- [Your task]
Without including the pictures, copy each line below exactly as it reads.

- [Supplied data]
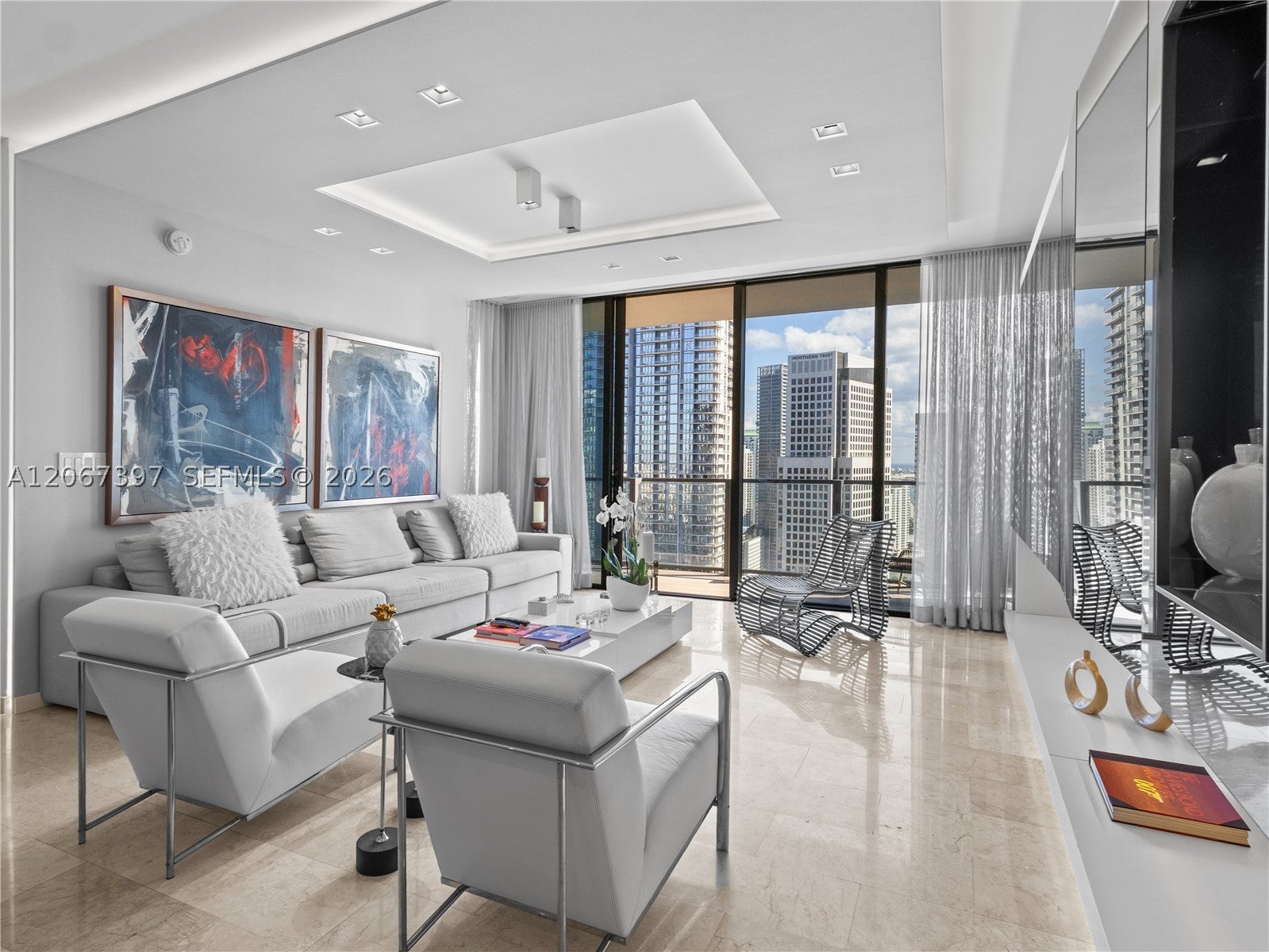 88 SW 7th St 3007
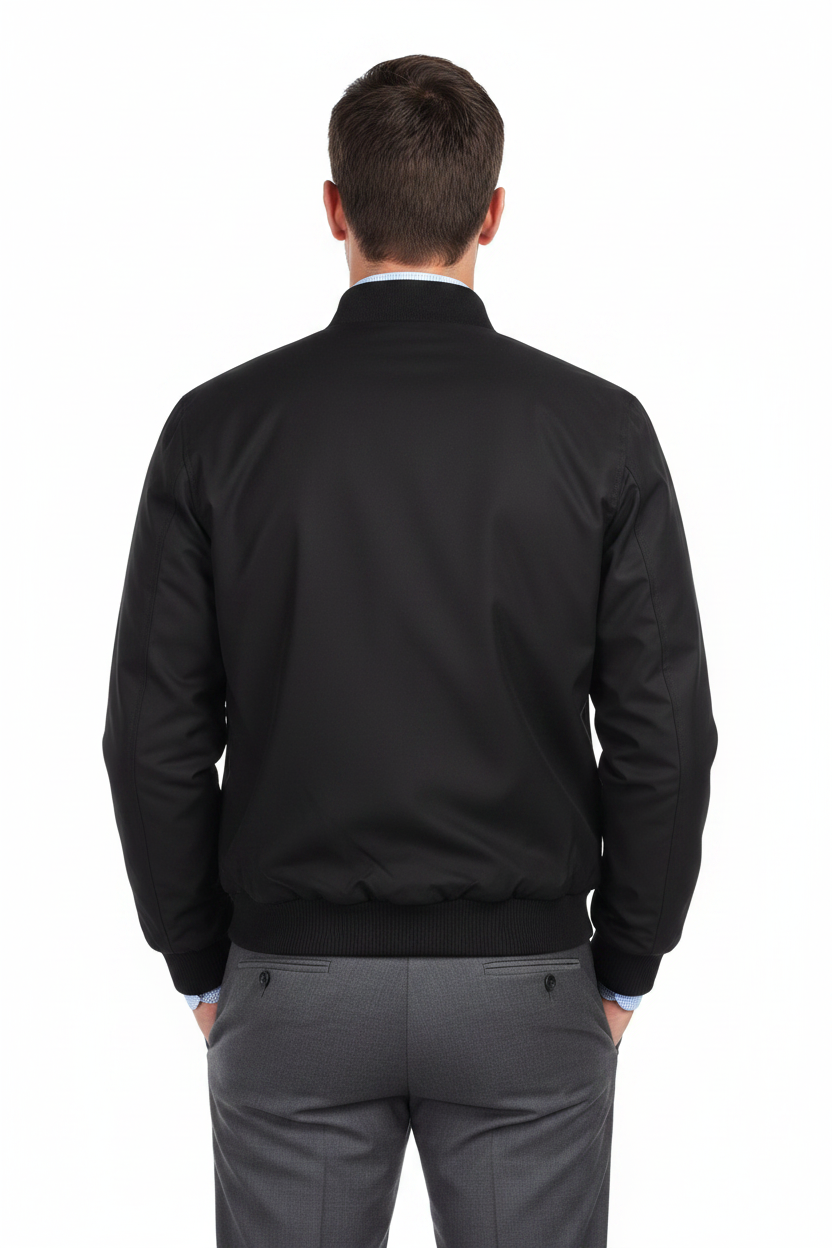 Modelo con outfit de oficina usando chamarra negra bomber, vista trasera, fondo blanco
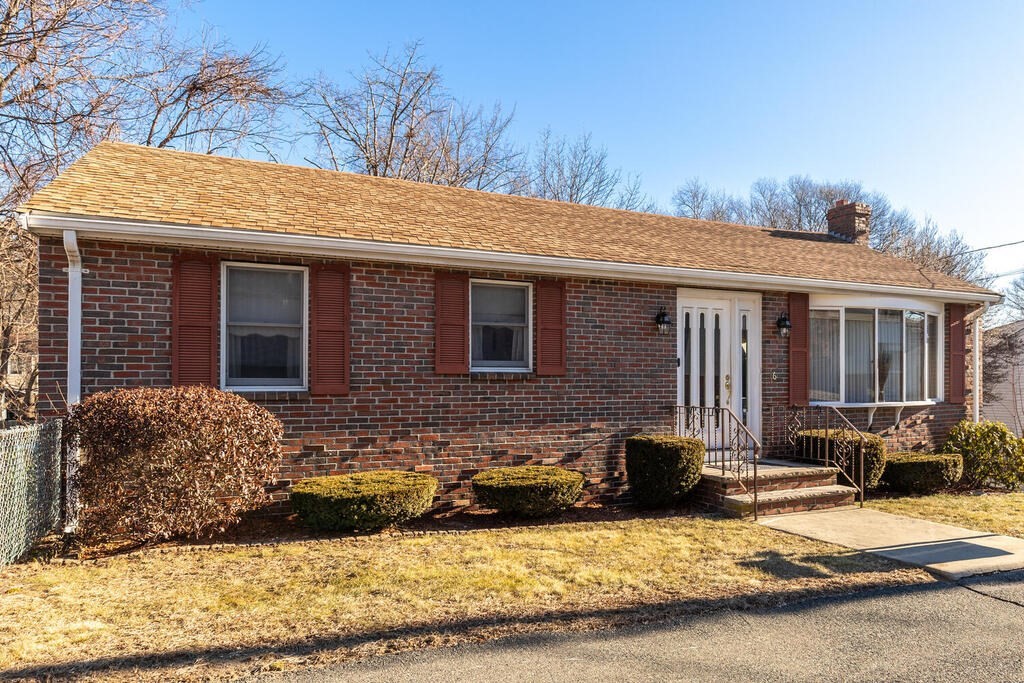 16 Rivers Lane Malden, MA 02148 - Photo 4 of 30 Gallery Image 4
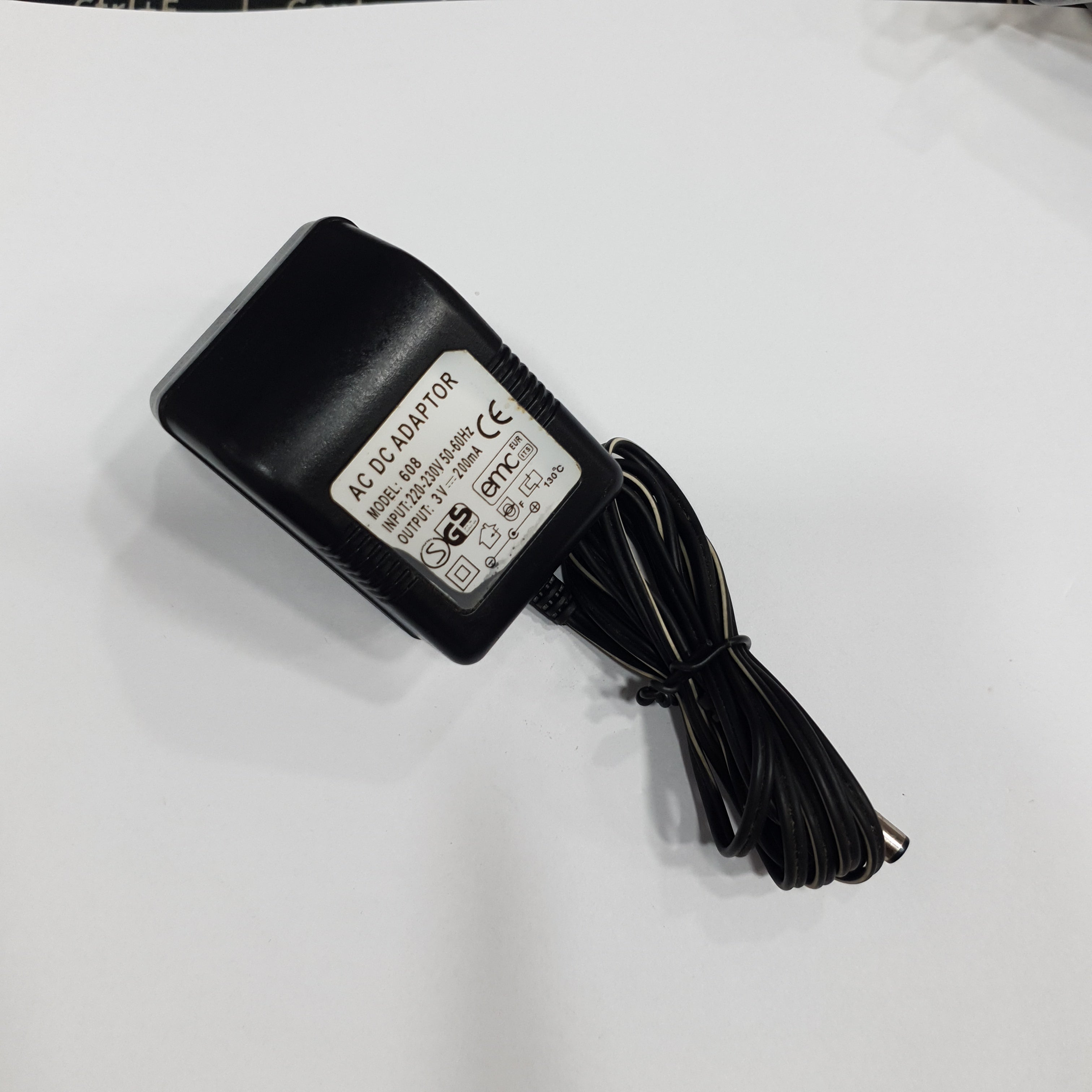 AC-DC ADAPTOR (MODEL 608) AC INPUT:220-230V DC OUTPUT:3V 200MA WITH 5.5MM X 2.5MM BARREL PIN
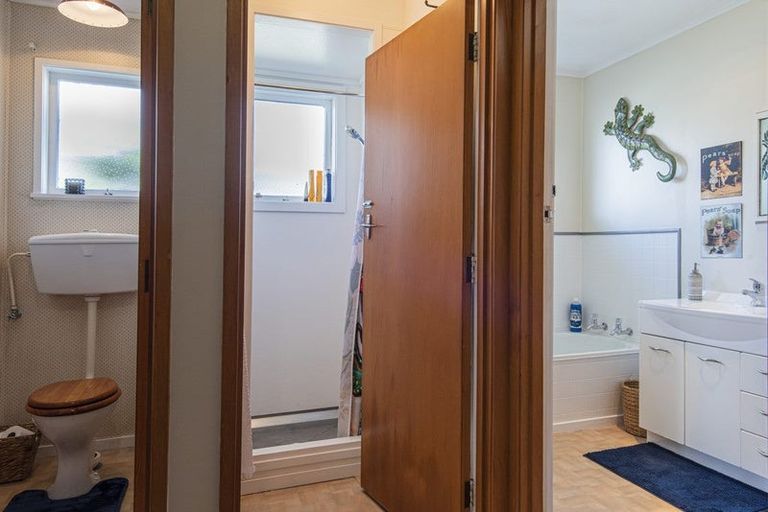 Photo of property in 65 Gorge Road, Maungaturoto, 0520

- [Expected output]
 88 SW 7th St 3007
 Modelo con outfit de oficina usando chamarra negra bomber, vista trasera, fondo blanco
 16 Rivers Lane Malden, MA 02148 - Photo 4 of 30 Gallery Image 4
 AC-DC ADAPTOR (MODEL 608) AC INPUT:220-230V DC OUTPUT:3V 200MA WITH 5.5MM X 2.5MM BARREL PIN
 Photo of property in 65 Gorge Road, Maungaturoto, 0520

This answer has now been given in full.